Attributions of eeriness have been elicited in empirical studies by a mismatch in the human photorealism of a character's visual elements, such as eyes and face; other treatments include pairing a realistic human skin texture with atypical face height, eye separation, and eye size (MacDorman et al 2009a; Seyama and Nagayama 2007). Although Tinwell et al (2010) have found a visual–auditory mismatch correlates with uncanniness, no experiment has yet been conducted that manipulates facial and vocal human realism as independent variables. This experiment is intended to fill that gap.
The following prediction (the hypothesis) is made by the theory that a cross-modal mismatch in human realism causes uncertainty about whether an entity is animate or inanimate, thereby eliciting feelings of eeriness: a robot with a human voice, or a human being with a synthetic voice, will be perceived as eerier than a robot with a synthetic voice or a human being with a human voice.
Forty-eight US-born participants (28 female, 20 male) were recruited in April 2010 from a sample of undergraduate students from a nine-campus Midwestern university. Their mean age was 21.2 (SD = 3.7). There were no significant differences in the experimental results by age or gender.
In this within-group experiment, each participant viewed, in random sequence, four 14 s videos of a character reciting neutral phrases. Each video corresponded to either matched (robot figure–synthetic voice, human figure–human voice) or mismatched stimulus conditions (robot figure–human voice, human figure–synthetic voice). Each video played in a loop until the participant completed validated indices on the character's humanness, eeriness, and interpersonal warmth (Ho and MacDorman 2010). Each index averaged the results of five-to-eight 7-point semantic differential scales, ranging from −3 to +3. The order of video presentation and the scales was randomized to prevent order effects. Data analysis was performed in SPSS.

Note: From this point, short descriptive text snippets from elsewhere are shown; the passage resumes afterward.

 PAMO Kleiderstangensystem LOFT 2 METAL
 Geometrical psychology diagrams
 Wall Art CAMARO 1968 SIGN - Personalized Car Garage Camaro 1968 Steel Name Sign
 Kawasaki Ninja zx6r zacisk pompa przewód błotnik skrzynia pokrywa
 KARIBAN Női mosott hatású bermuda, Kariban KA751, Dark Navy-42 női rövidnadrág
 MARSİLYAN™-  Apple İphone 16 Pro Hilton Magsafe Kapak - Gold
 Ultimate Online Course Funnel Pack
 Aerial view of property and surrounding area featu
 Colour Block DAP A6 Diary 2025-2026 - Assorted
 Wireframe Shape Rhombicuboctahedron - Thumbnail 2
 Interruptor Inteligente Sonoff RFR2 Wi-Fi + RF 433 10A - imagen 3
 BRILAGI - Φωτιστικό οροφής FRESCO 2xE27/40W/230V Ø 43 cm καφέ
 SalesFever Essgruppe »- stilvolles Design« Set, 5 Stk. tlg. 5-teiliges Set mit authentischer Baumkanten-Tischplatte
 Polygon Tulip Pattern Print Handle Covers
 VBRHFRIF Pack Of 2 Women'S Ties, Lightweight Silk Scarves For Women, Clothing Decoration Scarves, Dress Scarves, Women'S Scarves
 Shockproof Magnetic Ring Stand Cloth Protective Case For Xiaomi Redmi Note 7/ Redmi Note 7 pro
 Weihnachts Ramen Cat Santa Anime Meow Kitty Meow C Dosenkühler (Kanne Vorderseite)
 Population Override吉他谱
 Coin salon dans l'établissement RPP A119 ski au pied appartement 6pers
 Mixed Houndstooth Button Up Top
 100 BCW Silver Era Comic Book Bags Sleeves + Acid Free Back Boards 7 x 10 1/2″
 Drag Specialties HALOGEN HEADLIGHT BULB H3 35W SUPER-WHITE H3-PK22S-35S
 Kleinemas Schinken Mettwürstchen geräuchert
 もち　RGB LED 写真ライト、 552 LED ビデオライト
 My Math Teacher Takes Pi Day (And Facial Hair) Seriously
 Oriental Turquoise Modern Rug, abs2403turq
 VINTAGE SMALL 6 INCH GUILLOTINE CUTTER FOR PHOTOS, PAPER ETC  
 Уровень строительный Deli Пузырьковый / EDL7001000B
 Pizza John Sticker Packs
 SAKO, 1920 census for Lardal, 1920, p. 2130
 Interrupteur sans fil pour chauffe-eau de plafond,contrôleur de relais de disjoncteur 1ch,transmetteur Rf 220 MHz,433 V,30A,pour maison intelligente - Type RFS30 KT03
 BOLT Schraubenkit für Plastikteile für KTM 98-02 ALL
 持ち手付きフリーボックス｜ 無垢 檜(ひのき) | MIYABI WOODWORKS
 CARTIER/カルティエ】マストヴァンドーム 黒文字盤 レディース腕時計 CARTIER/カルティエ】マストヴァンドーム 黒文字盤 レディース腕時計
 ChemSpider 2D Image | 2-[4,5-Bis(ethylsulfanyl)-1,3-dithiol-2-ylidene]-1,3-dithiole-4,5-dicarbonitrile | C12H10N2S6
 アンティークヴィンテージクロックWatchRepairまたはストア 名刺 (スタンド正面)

The three indices were not significantly correlated and were normally distributed and reliable (Cronbach's α s ranged from 0.70 to 0.88). For humanness a two-way repeated measures ANOVA found a significant main effect for face realism [F(1,47) = 110.15, p < 0.001, η2 = 0.70] and voice realism [F(1,47) = 75.94, p < 0.001, η2 = 0.62] and a significant interaction effect [F(1,47) = 18.65, p < 0.001, η2 = 0.28]. The human figure–human voice condition rated the highest [M = 1.40, SE = 0.20], and the robot figure–synthetic voice condition rated the lowest [M = −2.29, SE = 0.13] (figure 1). For eeriness there was a significant main effect for voice realism [F(1,47) = 13.28, p = 0.001, η 2 = 0.22] and a significant interaction effect [F(1,47) = 36.51, p < 0.001, η2 = 0.44]. The two mismatched conditions, robot figure–human voice [M = −0.10, SE = 0.15] and human figure–synthetic voice [M = 0.19, SE = 0.16], rated significantly higher on eeriness than the two matched conditions, robot figure–synthetic voice [M = −0.60, SE = 0.13] and human figure–human voice [M = −1.10, SE = 0.14], by a paired samples t-test [t(47) = 6.042, p < 0.001]. For warmth there was a significant main effect for face realism [F(1,47) = 27.62, p < 0.001, η2 = 0.37] and voice realism [F(1,47) = 11.15, p = 0.002, η2 = 0.19] but no significant interaction effect. Warmth ratings were highest for robot figure–synthetic voice [M = 0.28, SE = 0.11] and lowest for human figure–synthetic voice [M = −0.96, SE = 0.13]. The higher warmth ratings for the robot conditions may be attributed to its cuteness relative to the seriousness of the ex-Marine human actor.
These results indicate incongruence in the human realism of a character's face and voice can elicit feelings of eeriness; thus, the hypothesis is supported. This suggests a design principle for synthetic agents to avoid the uncanny valley: the human realism of a character's visual elements and voice should match.
Acknowledgments
The authors would like to express their gratitude to Leslie Ashburn-Nardo, Dennis Devine, Chin-Chang Ho, Himalaya Patel, and the reviewers for their thoughtful suggestions on improving this paper. The IUPUI/Clarian Research Compliance Administration approved this experiment (EX1007-19B). This experiment was supported by an IUPUI Signature Center grant.
Contributor Information
Wade J Mitchell, School of Informatics, Indiana University, 535 West Michigan St, Indianapolis, IN 46202, USA; e-mail: wamitche@iupui.edu.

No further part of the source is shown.